WASHINGTON — Home construction in the United States is all but coming to a halt.
Americans are on track to buy fewer new homes than in any year since the government began keeping data almost a half-century ago. Sales are now just half the pace of 1963 — even though there are 120 million more people in the United States now.
Sales of new homes plunged in February to an annual rate of 250,000, the Commerce Department said Wednesday. It was the third straight monthly drop. The pace is far below the pace economists say is healthy, about 700,000 a year.
Diminished sales have driven the median price of a new home down to about $202,000, the lowest since 2003. If the sluggish sales continue, analysts say, small home builders will fold, meaning less competition as the market improves and higher prices later.
"The longer it goes on, the more builders will drift away from the industry altogether," said Paul Ashworth, chief U.S. economist of Capital Economics.
Ashworth noted that a surge in foreclosures is forcing down prices for previously occupied homes even faster than they're falling for new homes.

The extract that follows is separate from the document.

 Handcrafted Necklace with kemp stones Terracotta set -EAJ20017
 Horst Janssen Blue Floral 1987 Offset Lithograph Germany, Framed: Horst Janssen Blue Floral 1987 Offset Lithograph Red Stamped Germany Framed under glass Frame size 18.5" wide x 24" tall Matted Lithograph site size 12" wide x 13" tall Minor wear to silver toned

As a result, new homes are less attractive to buyers.
"That's not going to change for at least another year or two," Ashworth said. "Under these conditions, you can't really see home builders willing to ramp up, and that's bad for buyers."
Last year, 323,000 new homes were sold — the worst year on record and the fifth straight year of declines. In 1963, when the U.S. population was about 190 million — compared with today's nearly 310 million — far more new homes were sold: 560,000.

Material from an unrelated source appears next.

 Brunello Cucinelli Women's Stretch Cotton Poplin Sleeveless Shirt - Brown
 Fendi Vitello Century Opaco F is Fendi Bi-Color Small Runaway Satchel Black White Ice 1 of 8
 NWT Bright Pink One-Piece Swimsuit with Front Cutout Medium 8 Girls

New homes have accounted for just 5 percent of all sales so far this year. They typically represent closer to 15 percent. There were just 183,000 new homes available for sale in February, the smallest supply in four decades.
Builders have responded by scaling back. In February, they broke ground on only about 40 percent of the number of homes they typically do in normal markets.
That decline in activity is weighing down the construction industry, which in the past has fueled economic recoveries. It's also slowing the broader economy. Each new home creates an average of three jobs for a year and $90,000 in taxes, according to the National Association of Home Builders.